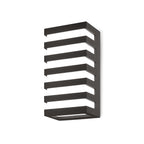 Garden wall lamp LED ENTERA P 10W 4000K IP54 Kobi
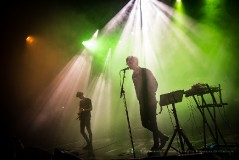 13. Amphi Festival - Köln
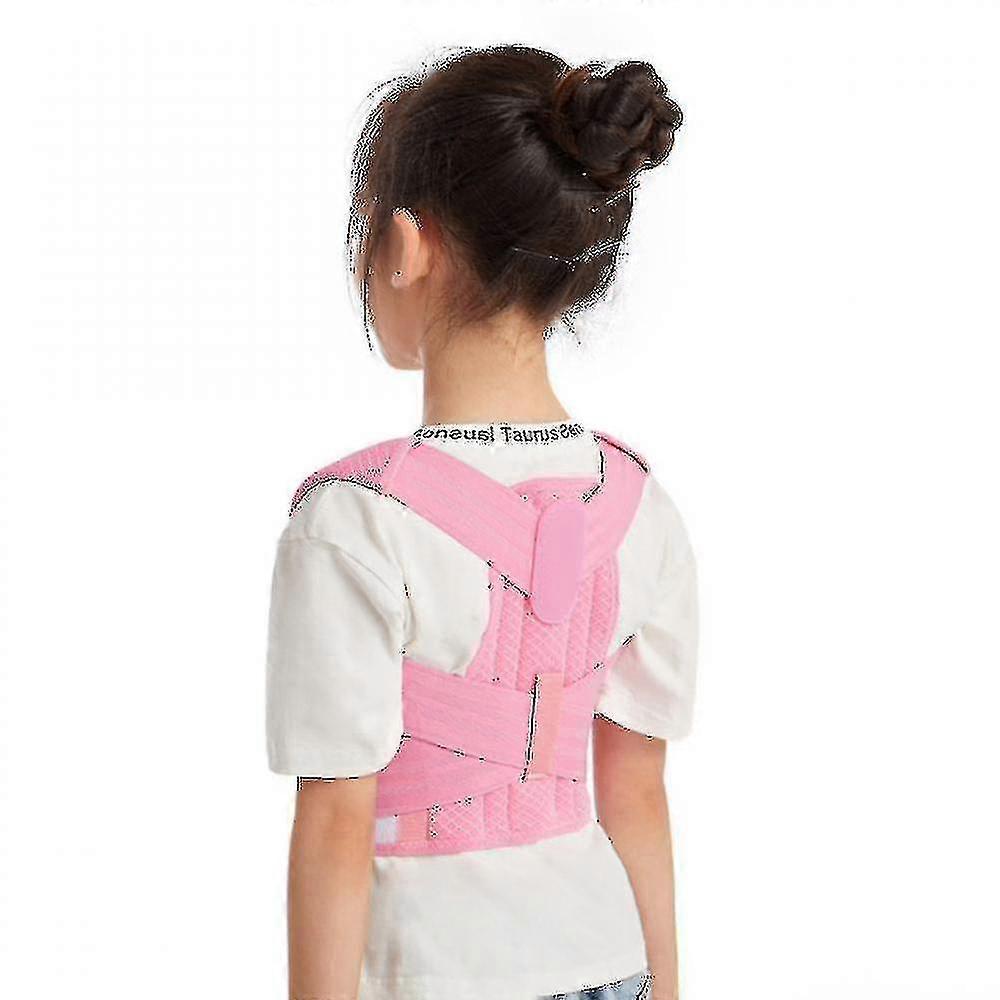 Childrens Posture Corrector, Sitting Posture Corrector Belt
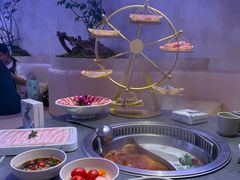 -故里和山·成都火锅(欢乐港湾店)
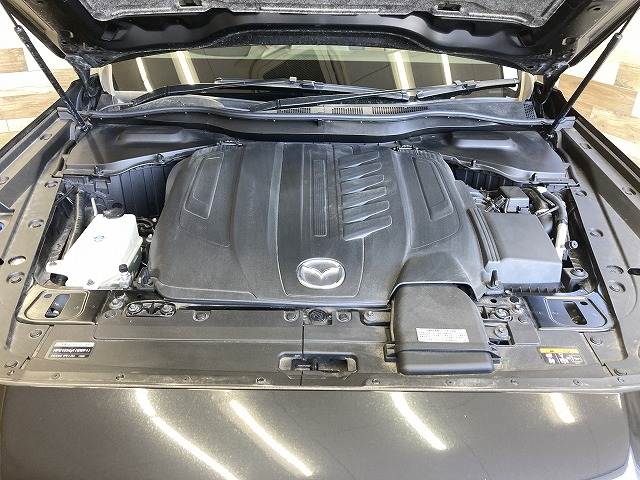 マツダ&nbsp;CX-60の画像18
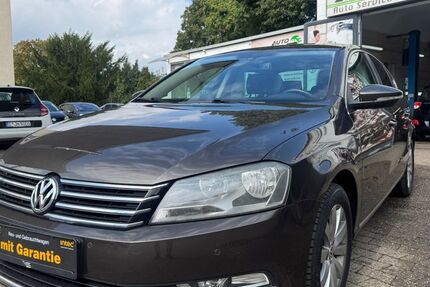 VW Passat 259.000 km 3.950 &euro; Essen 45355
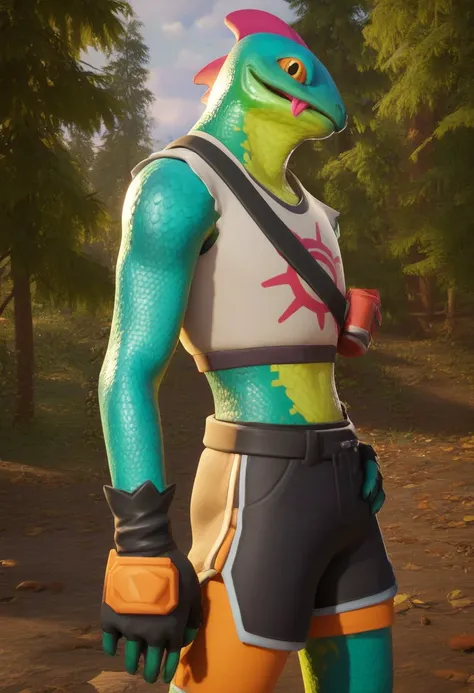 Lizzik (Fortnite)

######

WHAT YOU NEED TO DO:
All of the entries above should be retyped exactly, with the pictures left out.

RESPONSE:
 Garden wall lamp LED ENTERA P 10W 4000K IP54 Kobi
 13. Amphi Festival - Köln
 Childrens Posture Corrector, Sitting Posture Corrector Belt
 -故里和山·成都火锅(欢乐港湾店)
 マツダ&nbsp;CX-60の画像18
 VW Passat 259.000 km 3.950 &euro; Essen 45355
 Lizzik (Fortnite)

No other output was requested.